I always assumed your "Cain" was actually "cane", and referred to sugar cane, a major crop and the primary source of sugar besides beets. Sugar Land, Texas is just outside Houston and is the home of Imperial Sugar Co.; they process theirs from cane. Today there are miles and miles of sugar cane growing in Texas, especially in the coastal lowlands along Hwy 77 between Victoria and Corpus Christie; probably entire counties in this sparsely populated region are little more than sugar cane. I don't know the growing range of sugar cane but I feel certain it was a major cash crop for other southern states as well, and quite likely fields and plantation homes would be set afire by union soldiers; thus "cane in defeat" or "cane" could simply be an allusion to the growers or the general population. Someone interested in etymology might apply themselves to see if "cane in defeat" was an established expression of the period, perhaps referring to crops wilted by drought? Cane is somewhat similar to a stocky bamboo in appearance and is a segmented tubular stalk with the sucrose-saturated pithy interior being what is pulped and processed. Once a stalk like that lost strength from malnutrition and wilted or was felled by wind, I doubt any amount of rain or TLC would "raise it back up" again.

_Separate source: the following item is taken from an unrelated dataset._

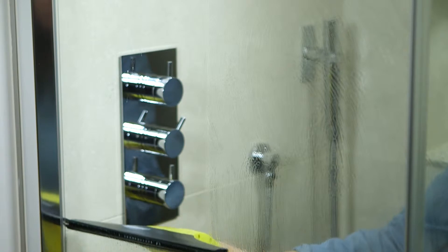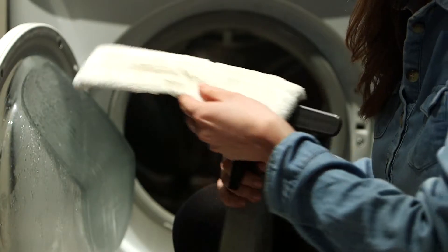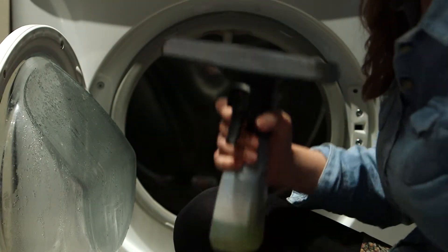For best cleaning results, we would recommend using Karcher's specially formulated window cleaning detergent. Once used, the cloth head can be easily cleaned in your washing machine.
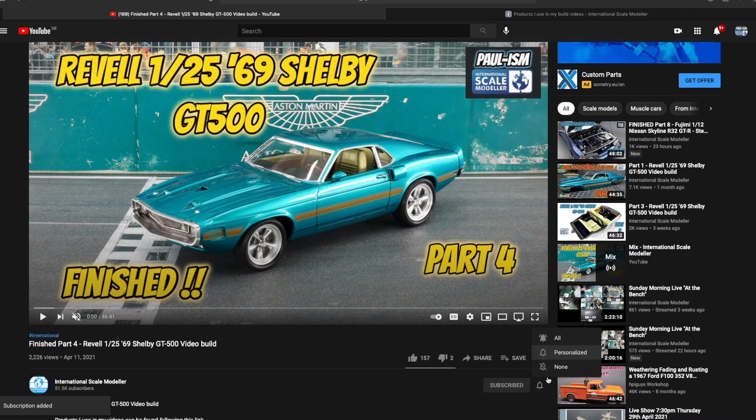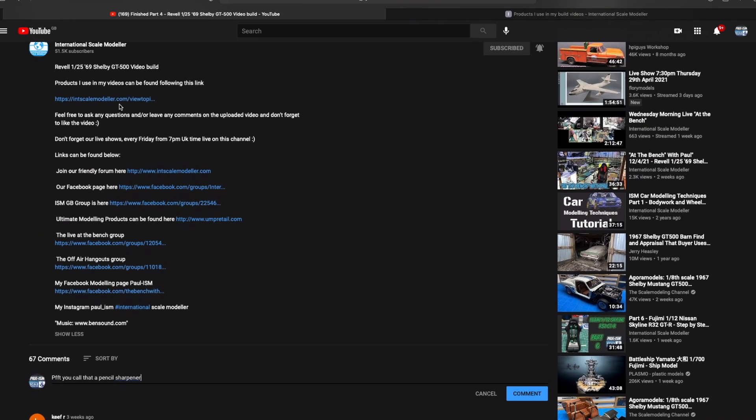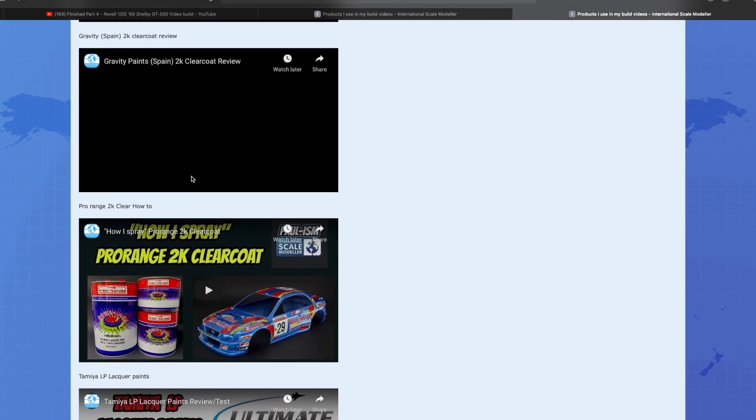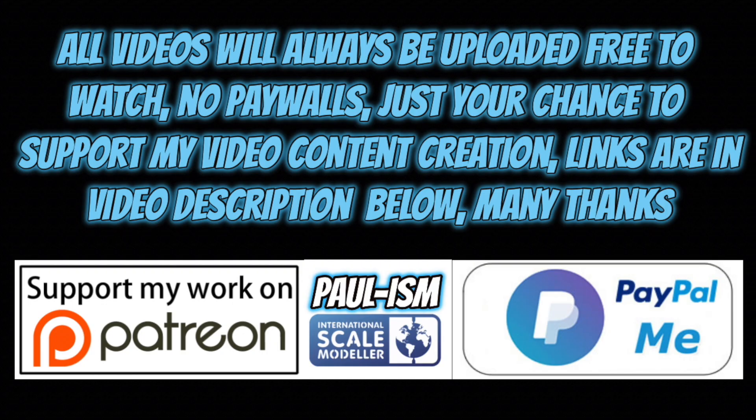Please subscribe to the channel, click the bell notifications, and get notified on our latest videos. Give the video a thumbs up or down and leave a comment - I do read and appreciate every comment. There's a link in the description to a list of handy videos and products I use. You can also support content creation via Patreon or the PayPal Me link; all videos always remain free to watch.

And that's about all the explanation I can stomach.(pun intended) I don't much like the song; I've never liked civil war history nor appreciated the way some southern folks cling to the pre-war era as one of glory. Slavery may have been accepted then (even by "northerners" the like of Jefferson and Washington) and many slaves may have been members of defeated tribes, sold by the victors to Europeans and other slave traders (as opposed to being impressed by raiding anglos), but slavery is still a blot on America's heritage IMO. I abhor the confederate-flag wavers and declare them bubbas and thinly-disguised bigots,keeping their prejudice alive in the name of "heritage" or "southern pride."
OK, end of rant. I grew up as a Texas Jewboy in a small town south of Houston, somewhat provincial in its nature. I had ample opportunity to see and hear prejudices freely expressed, even among middle-class kids who knew better. I'm old enough to remember "colored" drinking fountains and separate "colored" waiting areas at Trailways bus stations. It was ugly then and it's distressing to see racial prejudices still in full bloom throughout this country. I really will stop now, this should be in a different thread entirely.
So sing those songs of protest, loud and clear. Carry the torches of freedom with vigor, and may their flames be fanned with the winds of change. The song in question, as a lament for southern losses, is a valid expression of the era, and I realize there are many ballads, usually enjoyable to hear, that immortalize crimes of various sorts. I just don't like the idea that this song might raise sympathy for a cause that was not entirely, if at all, just.
Oh well, if there were only happy shallow songs it would be a dull world. Start flinging overripe fruits and acidic invective if I'm being insensitive to contrary opinions, or just reading too much into this one that's not "really" there to start with.